/**
* SmartMarkdown is a class designed to parse and manipulate markdown content
* based on specified configurations. It provides functionalities to extract
* specific blocks of text based on heading paths, handle exclusions of certain
* headings, and manage the size of text blocks according to maximum and minimum
* character limits.
*/
class SmartMarkdown {
/**
* Returns the default configuration for the SmartMarkdown parser.
* @returns {Object} Default configuration settings.
*/
static get defaults() {
return {
excluded_headings: null, // comma separated list of headings to exclude
embed_input_max_chars: 1000, // max length of block
embed_input_min_chars: 10, // min length of block
skip_blocks_with_headings_only: false, // skip blocks that only contain headings
};
}
/**
* Creates an instance of SmartMarkdown with the given configuration.

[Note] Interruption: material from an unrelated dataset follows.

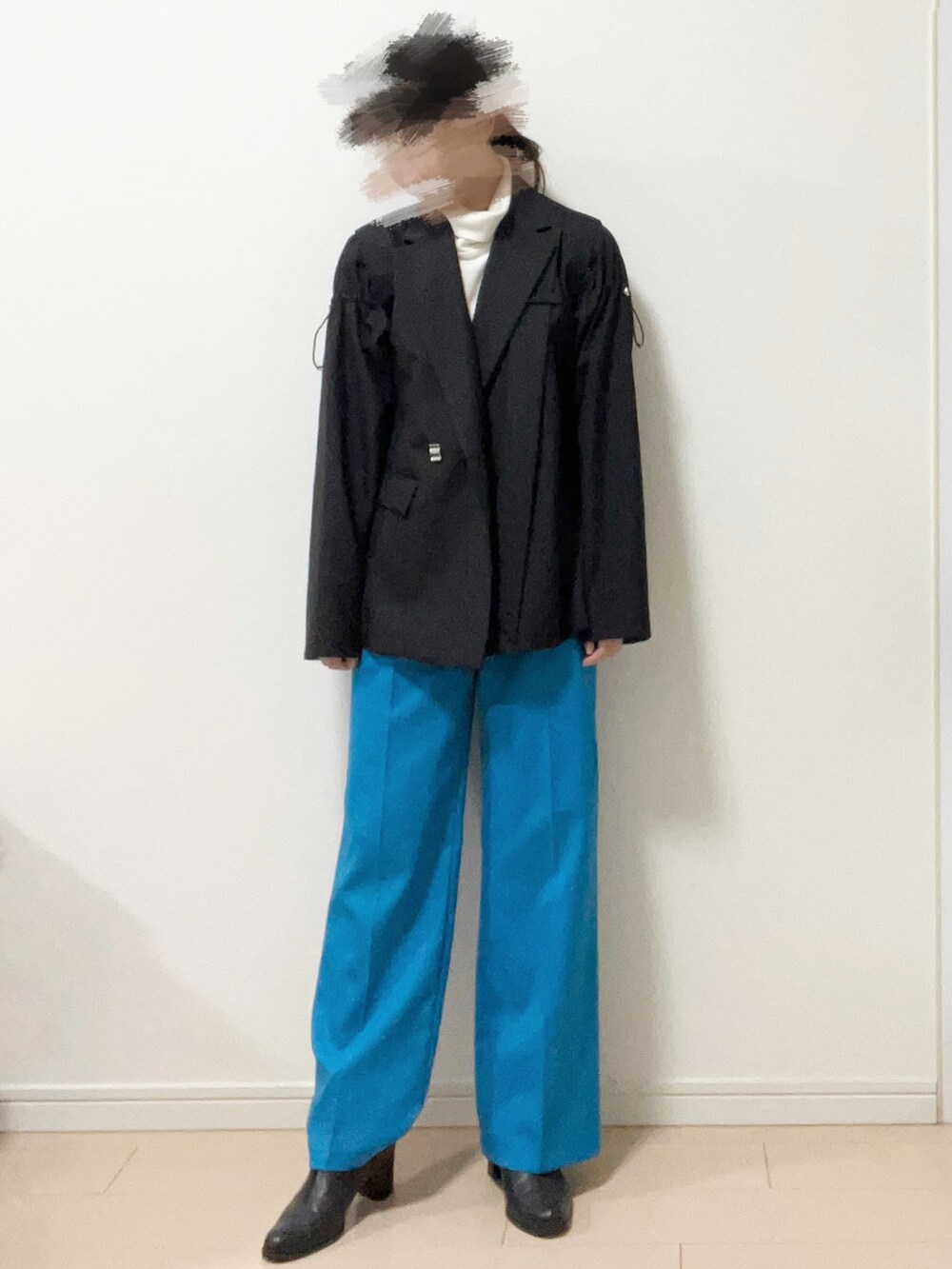 ブラック系のテーラードジャケット、ホワイト系のトップス、ブルー系のその他パンツを着用したレディースの秋コーディネートの2枚目の写真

* @param {Object} config - User-defined configuration settings.
*/
constructor(config) {
this.config = {...SmartMarkdown.defaults, ...config};
}
/**
* Retrieves the list of headings to be excluded from parsing, if any.
* @returns {Array|null} An array of headings to exclude, or null if none.
*/
get excluded_headings() { (this.config.excluded_headings?.length) ? this.config.excluded_headings.split(",").map((header) => header.trim()) : null; }
/**
* Analyzes the markdown content to extract metadata about each heading.
* @param {string} content - The markdown content to analyze.
* @returns {Array} An array of objects containing metadata about each heading.
*/
// WIP
get_headings_meta(content) {
return content.split('\n').reduce((acc, line, line_i, lines) => {
if (!this.is_heading(line)) return acc;
const chars_until_next_heading = lines.slice(line_i + 1).findIndex(line => this.is_heading(line));
const heading_level = line.split('#').length - 1;
const heading_text = line.replace(/#/g, '').trim();
acc.push = { line_i, heading_level, heading_text, chars_until_next_heading };
return acc;
}, []);
}
// v1
// get block from path
/**
* Extracts a specific block of markdown based on a heading path.
* @param {string} block_path - The path to the block, specified as a series of headings.
* @param {string} markdown - The markdown content to parse.
* @param {Object} opts - Options for block extraction, such as character limits per line.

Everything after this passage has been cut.